- [What the task asks]: For this exercise, repeat the whole listing below exactly. Leave the pictures out.

- [Data provided]:
BEGIN

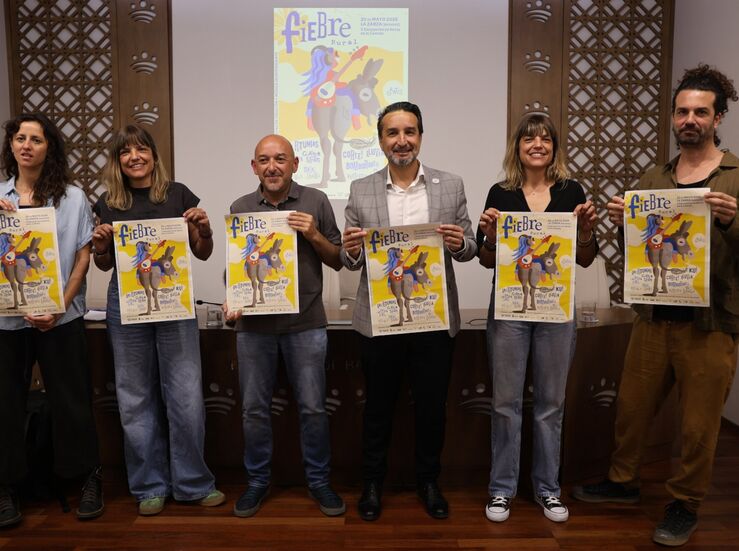 II Encuentro de Artes en Camino elige La Zarza para apostar por descentralizacin cultura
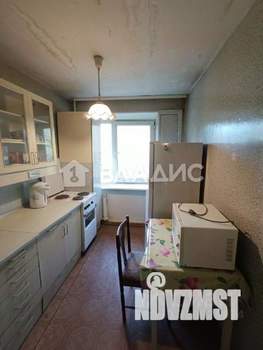 2-к квартира, вторичка, 51м2, 2/5 этаж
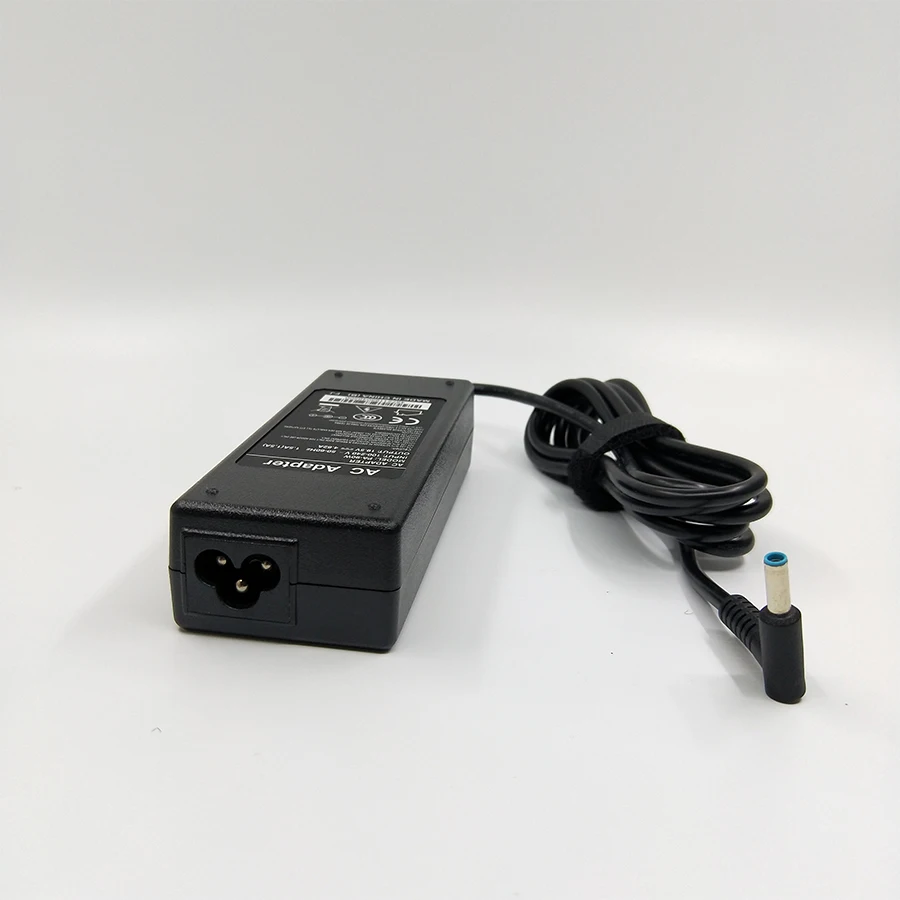 Блок питания для ноутбука HP Pavilion 15 e029TX 19 5 в 4 а 90 вт зарядное устройство адаптер 3 0
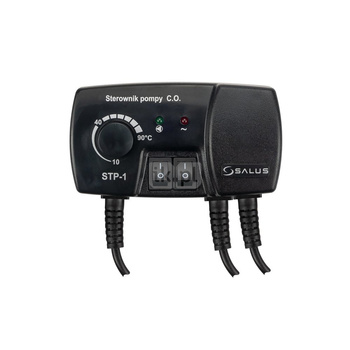 Regulator SALUS STP-1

END

- [Reply to the exercise]:
 II Encuentro de Artes en Camino elige La Zarza para apostar por descentralizacin cultura
 2-к квартира, вторичка, 51м2, 2/5 этаж
 Блок питания для ноутбука HP Pavilion 15 e029TX 19 5 в 4 а 90 вт зарядное устройство адаптер 3 0
 Regulator SALUS STP-1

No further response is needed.